_What the task asks:_
Nothing in the copy should be a picture; everything else in the listing is to be restated exactly.

+++ Data provided +++

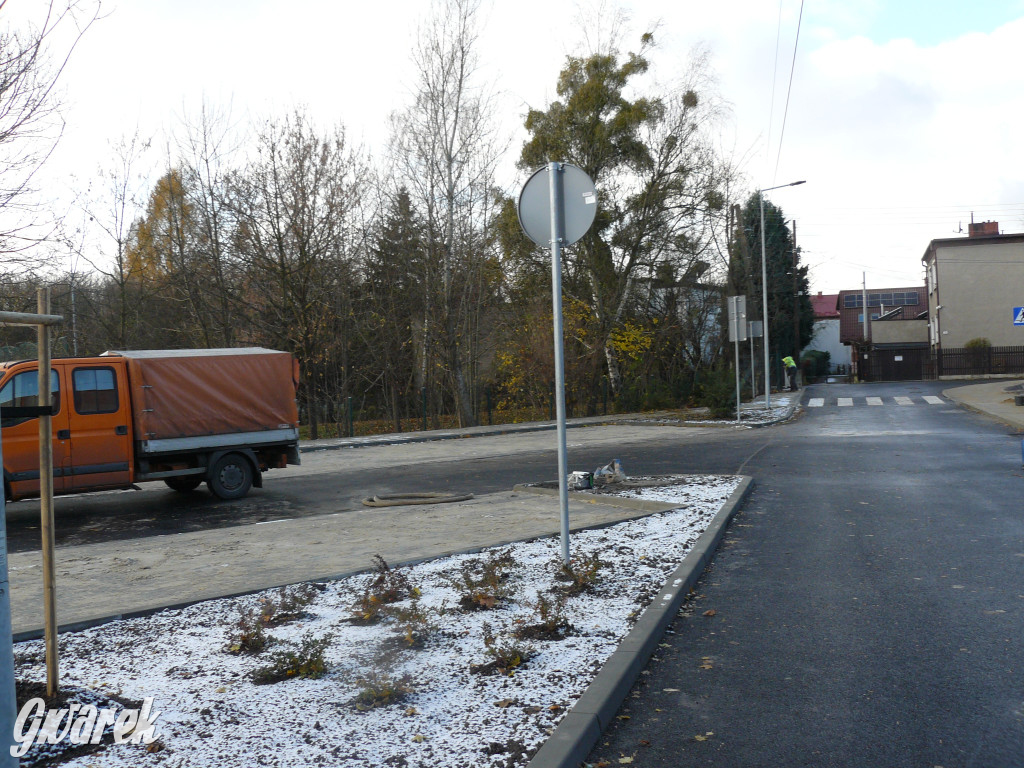 Tarnowskie Góry. Czy ktoś pomyślał, kiedy ustawiał te znaki?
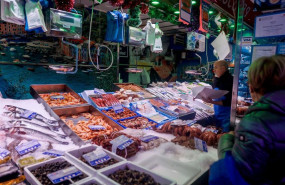 ep archivo   un pescadero atiende a los clientes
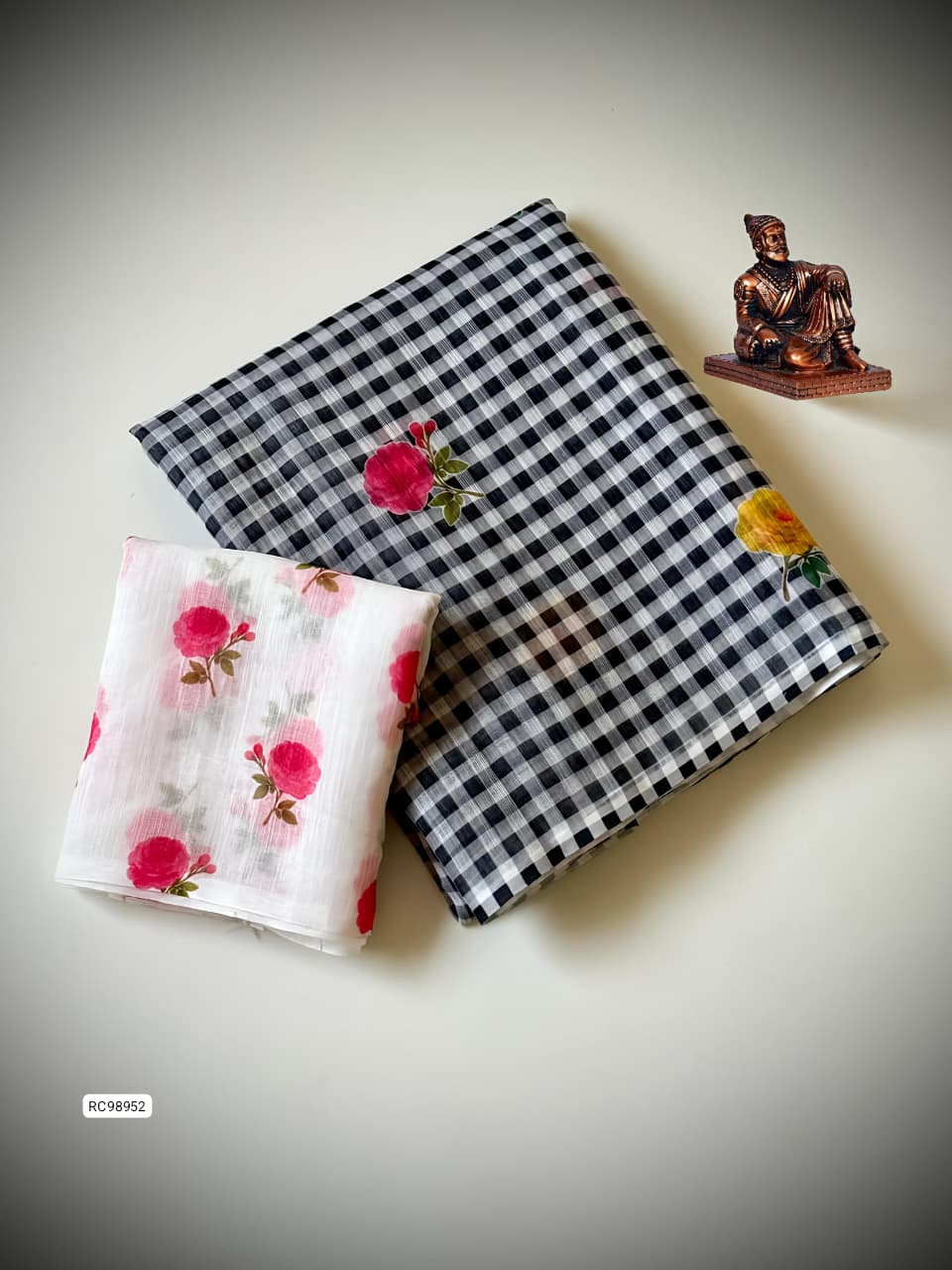 Heavy Linen Chex Blooming Saree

+++

_Response to this task:_
 Tarnowskie Góry. Czy ktoś pomyślał, kiedy ustawiał te znaki?
 ep archivo   un pescadero atiende a los clientes
 Heavy Linen Chex Blooming Saree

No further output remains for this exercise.